● Problem details
Look through the entries below for the string "Tour", and copy each line where it is found.

+++ Records for processing +++

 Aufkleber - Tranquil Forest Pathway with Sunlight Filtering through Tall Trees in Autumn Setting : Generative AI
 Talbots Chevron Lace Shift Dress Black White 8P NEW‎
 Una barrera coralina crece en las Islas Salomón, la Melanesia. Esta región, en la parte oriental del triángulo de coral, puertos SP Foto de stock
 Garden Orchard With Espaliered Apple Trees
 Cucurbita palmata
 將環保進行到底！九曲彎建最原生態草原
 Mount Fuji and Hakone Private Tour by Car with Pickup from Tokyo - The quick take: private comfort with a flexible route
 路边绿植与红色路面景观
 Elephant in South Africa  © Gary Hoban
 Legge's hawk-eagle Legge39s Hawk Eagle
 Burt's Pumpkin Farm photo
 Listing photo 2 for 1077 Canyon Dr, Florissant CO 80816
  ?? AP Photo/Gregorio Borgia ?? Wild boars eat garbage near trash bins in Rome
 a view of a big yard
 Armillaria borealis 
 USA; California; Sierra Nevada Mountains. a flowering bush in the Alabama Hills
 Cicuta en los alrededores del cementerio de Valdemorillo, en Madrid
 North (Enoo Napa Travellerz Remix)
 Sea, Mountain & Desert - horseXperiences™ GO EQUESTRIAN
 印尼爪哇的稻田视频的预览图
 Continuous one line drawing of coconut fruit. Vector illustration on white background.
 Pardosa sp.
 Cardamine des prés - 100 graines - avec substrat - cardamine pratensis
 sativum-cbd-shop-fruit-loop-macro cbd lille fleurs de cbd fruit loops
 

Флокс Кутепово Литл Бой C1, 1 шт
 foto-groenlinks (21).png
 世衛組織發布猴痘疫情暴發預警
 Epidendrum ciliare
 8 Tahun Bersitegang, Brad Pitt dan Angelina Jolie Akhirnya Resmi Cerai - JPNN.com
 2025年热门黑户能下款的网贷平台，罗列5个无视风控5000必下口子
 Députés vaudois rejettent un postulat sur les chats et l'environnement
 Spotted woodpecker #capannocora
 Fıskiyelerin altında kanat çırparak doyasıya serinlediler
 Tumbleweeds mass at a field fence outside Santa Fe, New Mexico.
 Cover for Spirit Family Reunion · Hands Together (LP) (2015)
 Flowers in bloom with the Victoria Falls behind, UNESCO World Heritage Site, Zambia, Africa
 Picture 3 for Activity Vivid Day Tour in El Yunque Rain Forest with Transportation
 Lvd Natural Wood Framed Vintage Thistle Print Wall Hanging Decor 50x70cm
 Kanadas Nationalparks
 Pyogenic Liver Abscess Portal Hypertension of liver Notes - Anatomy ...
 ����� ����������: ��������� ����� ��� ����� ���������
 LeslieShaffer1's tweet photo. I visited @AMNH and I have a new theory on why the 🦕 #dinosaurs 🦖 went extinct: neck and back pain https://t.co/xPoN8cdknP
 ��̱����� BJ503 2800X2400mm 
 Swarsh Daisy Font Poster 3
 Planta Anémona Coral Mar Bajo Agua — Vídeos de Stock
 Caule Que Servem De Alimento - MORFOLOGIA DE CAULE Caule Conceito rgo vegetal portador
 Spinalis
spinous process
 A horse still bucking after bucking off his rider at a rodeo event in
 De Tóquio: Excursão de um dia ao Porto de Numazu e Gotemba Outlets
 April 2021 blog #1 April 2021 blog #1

+++

● Exercise answer
 Mount Fuji and Hakone Private Tour by Car with Pickup from Tokyo - The quick take: private comfort with a flexible route
 Picture 3 for Activity Vivid Day Tour in El Yunque Rain Forest with Transportation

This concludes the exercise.